Key considerations for proper layout
Choosing the right gun is tied closely to proper weld cell layout — since different sizes and lengths of guns and nozzles can improve or hinder reach to the welds. However, there are also many other factors involved in proper weld cell layout. Think of weld cell layout as the footprint of the entire process. Some important issues to keep in mind:
- Robot reach: It’s critical to match the size of the part being welded with the reach of the robot. A small robot welding on a very large part won’t work well, and a large robot shouldn’t be welding on a very small part. The robot must have the capability and position to reach all the areas on the part that require welding. If there is a weld on the edge of the reach envelope, for example, it might force a company to sacrifice optimal gun angle or work angle to reach that weld. This can impact weld quality, resulting in potential rework and added costs. It can also lead to premature gun or cable failure, if the robot is constantly trying to access a weld that isn’t accessible in the configuration. Many robotic welding cells mount the robot on a riser for better access to the part. Pay attention to proper riser height to optimize the access of the arm to the welds.

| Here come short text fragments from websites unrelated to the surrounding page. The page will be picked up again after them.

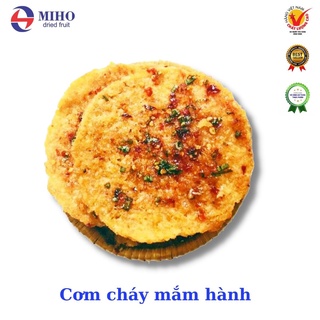 10 gói Cơm cháy mắm hành bịch 3 miếng loại ngon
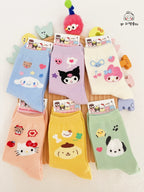 Sanrio Characters Socks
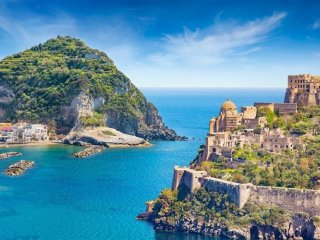 Itálie – Ischia – Smaragdový Ostrov
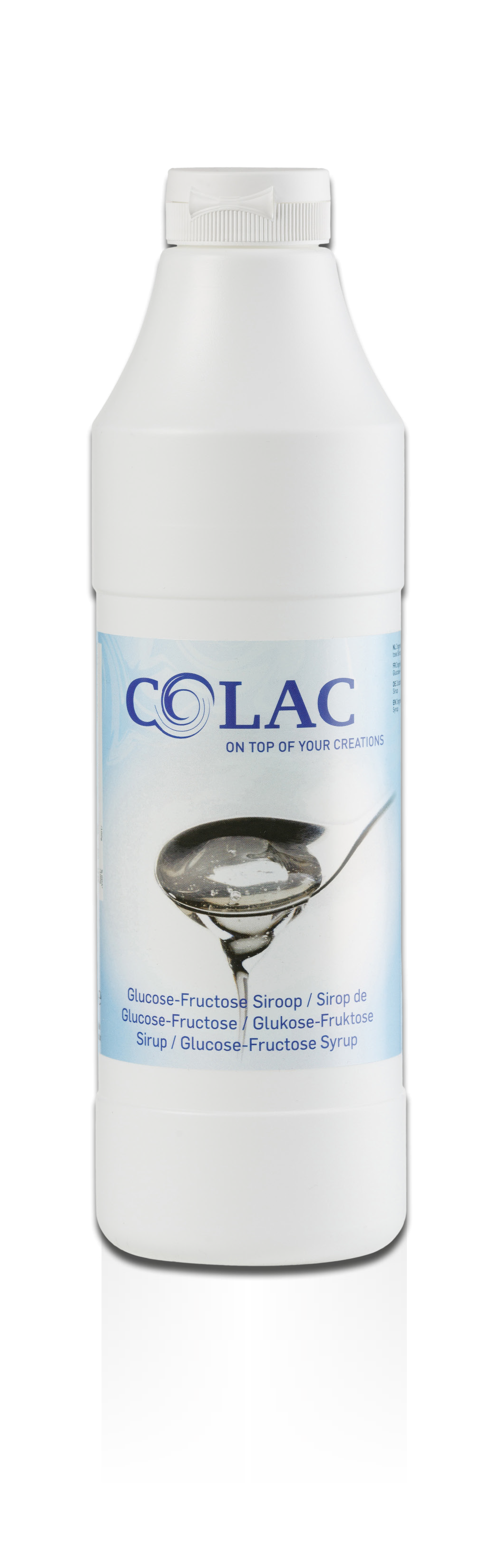 Colac Glucose Fructose Siroop 1kg Knijpfles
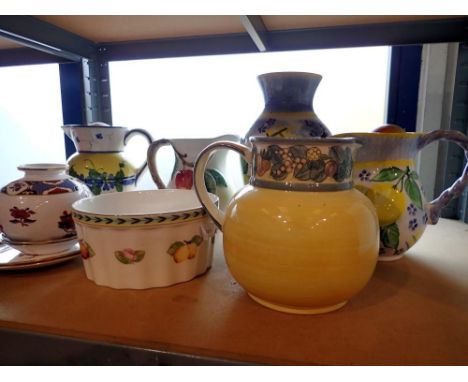 Mixed ceramics, including Spode and Villeroy &amp; Boch. Not available for in-house P&amp;P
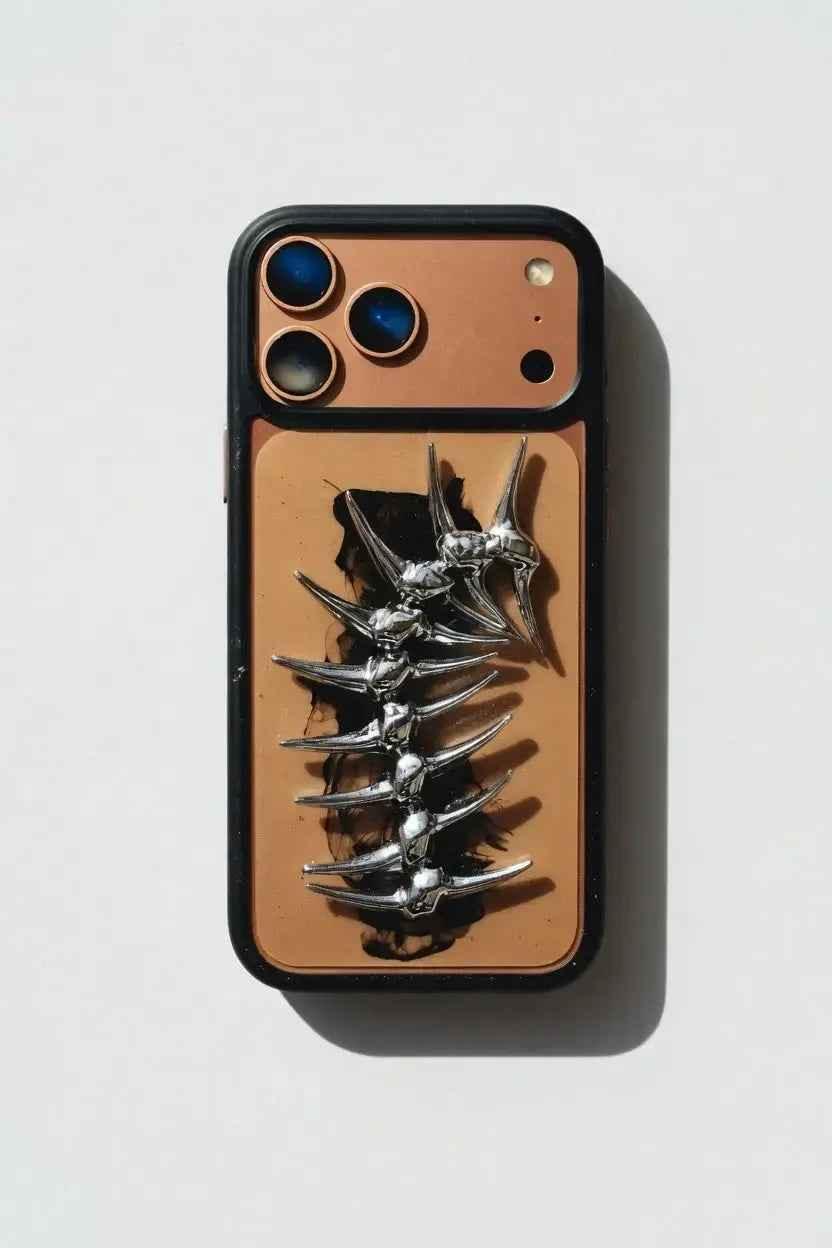Sculpted Bone iPhone-fodral - Designfodral
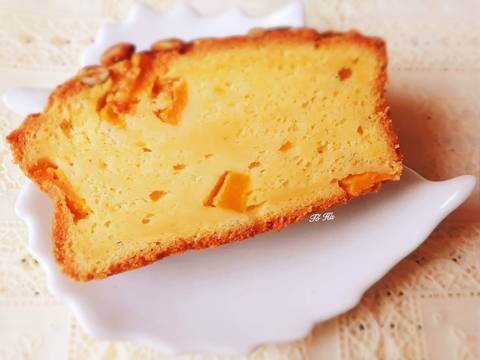 Bánh BÍ ĐỎ nướng (Pumpkin Butter Cake) recipe step 11 photo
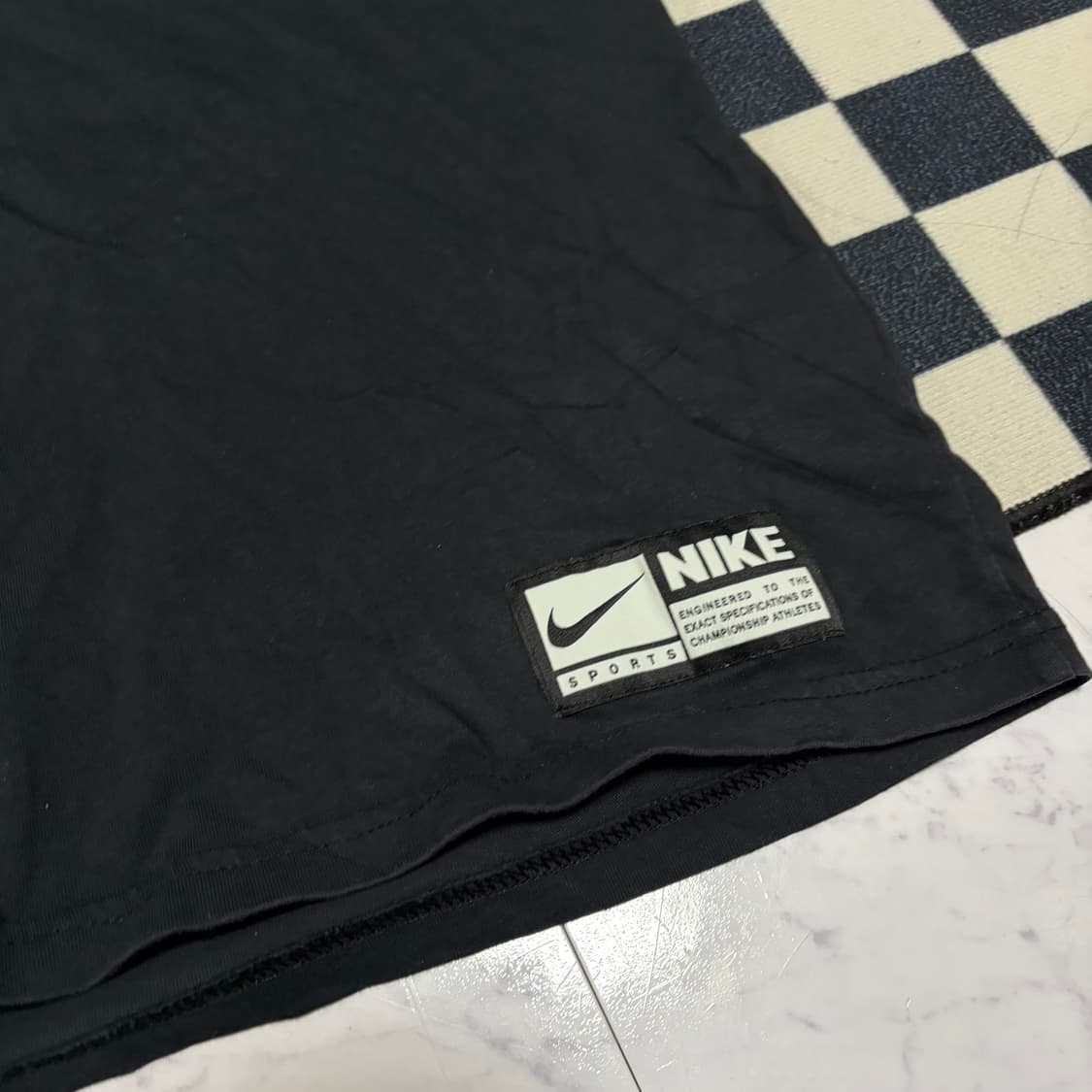 나이키 반팔 빈티지 블랙 상품이미지2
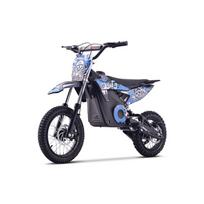 Elektrinis motociklas WOLF-E, Blue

- Size and weight capacity: To ensure proper operation, the size and weight capacity of the positioners in the robotic weld cell must factor in not only the weight of the part, but also the weight of the tooling. Undersizing the positioner or weight capacity of the cell is a common mistake. To address this, design the cell for the heaviest part to be welded. Consider the project scope to ensure the welding system always has the capacity to handle the heaviest part in the operation.
- Material flow: The flow of material in and out of the weld cell, in addition to the sequencing of the welding process, are key in determining the right layout and positioning. Understand the material flow to the robot, how the material will be presented to the robot, and then how that welded component will be removed from the cell and moved to the next step in the operation. The weld sequence should be planned in advance, to ensure the robot can reach all the welds with the gun configuration being used.
- Test it with modeling: Software programs that allow virtual modeling or simulation of the weld cell provide the ability to test the many factors involved in proper robotic weld cell layout — from gun and nozzle choice to material flow. Take the time to simulate the weld cell layout and welding process during development. This helps determine which product and positions are needed — and helps avoid issues that could arise later once the weld cell is installed and running. In modeling, consider the components, gun, positioner, tooling, arm movements and the part itself. All these pieces must fit together and work properly to ensure the desired results. The beauty of offline programming and 3D modeling is that these components and factors can be tested virtually, without wasting materials or consumables. It’s better to prepare and prevent problems — rather than face repairs later.
The right choices enhance productivity and quality
Weld cell layout and the chosen components that fit inside have a significant impact on productivity, efficiency and quality of the finished welds. Weld cell layout that is not optimized can even harm the tooling or consumables, and result in increased time and money spent on maintenance and repair.
Protect the robotic weld cell investment by taking the time at the start of the process to test proper cell layout and equipment — to help ensure the end results and productivity gains being sought.